Coherent unsteady vortical structures are observed over the upstream surface of a disc, fixed and rotating, over a range of angles of incidence, $0^\circ \leq \alpha \leq 36^\circ$. As the structures grow in size, they align themselves parallel to the surface of the disc and are cyclically shed into the wake region. These structures are likely the origins of well-studied interlinked chains of vortices that are observed in the wakes of discs. Two vortex shedding modes are identified. The first mode presents itself primarily at low angles of incidence, up to $\alpha = 21^\circ$. At $\alpha = 0$, the vortical structures form upstream of the disc and are shed into the wake at a Strouhal number of approximately 0.2. As the angle of incidence increases, the shedding frequency increases. At incidence angles beyond $21^\circ$, the second mode of vortex shedding is clearly observed. The second mode forms a soliton on the vortical structures that originates near the leading edge of the disc, traverses towards the trailing edge and is eventually shed into the wake region at a frequency nearly twice that of the first mode at the highest incidence angle, $\alpha = 36^\circ$. Signatures of both modes are present over the full range of angle of incidence, with the primary mode more prevalent at low angles of incidence and the secondary at high angles. The cross-sectional sizes of the vortical structures are estimated from the flow visualization images to range from $0.15D$ for the zero incidence cases to approximately $0.08D$ for $\alpha =36^\circ$. Hot-film anemometry is employed to corroborate the vortex shedding frequencies.

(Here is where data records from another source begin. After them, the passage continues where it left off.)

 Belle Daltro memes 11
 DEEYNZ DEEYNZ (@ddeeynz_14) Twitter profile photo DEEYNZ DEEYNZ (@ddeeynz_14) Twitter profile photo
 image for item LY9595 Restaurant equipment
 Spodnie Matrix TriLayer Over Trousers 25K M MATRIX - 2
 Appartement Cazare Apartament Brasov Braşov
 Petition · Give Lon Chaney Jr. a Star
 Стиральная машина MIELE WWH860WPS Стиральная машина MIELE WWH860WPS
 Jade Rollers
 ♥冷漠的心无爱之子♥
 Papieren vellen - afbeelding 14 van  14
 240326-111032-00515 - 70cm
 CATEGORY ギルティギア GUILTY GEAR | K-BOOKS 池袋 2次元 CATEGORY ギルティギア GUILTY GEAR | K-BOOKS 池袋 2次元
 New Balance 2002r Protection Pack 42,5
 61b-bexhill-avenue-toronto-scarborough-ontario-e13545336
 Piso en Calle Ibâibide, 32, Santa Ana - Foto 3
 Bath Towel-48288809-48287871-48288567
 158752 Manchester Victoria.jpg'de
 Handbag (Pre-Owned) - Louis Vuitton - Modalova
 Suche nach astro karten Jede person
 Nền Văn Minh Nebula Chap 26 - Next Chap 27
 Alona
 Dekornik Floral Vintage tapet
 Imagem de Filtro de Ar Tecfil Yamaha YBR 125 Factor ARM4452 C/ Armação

Sample results from this study are compared with selected results from Knisely (Reference Knisely1990) and Lee (Reference Lee2022). Even though the general trends are comparable, the current results exhibit higher Strouhal numbers than those of Knisely's. The differences may be attributed to the flow discussed here being three-dimensional while those of Knisely are nominally two-dimensional. Lee (Reference Lee2022) presents extensive computational results in the wakes of spinning discs at $\alpha = 60^\circ \text { and } 65^\circ$ incidences, while the focus of the current work is on the upstream surface of the disc for $\alpha \le 36^\circ$. Nevertheless, the Strouhal numbers show a tendency to be an extension of the current results.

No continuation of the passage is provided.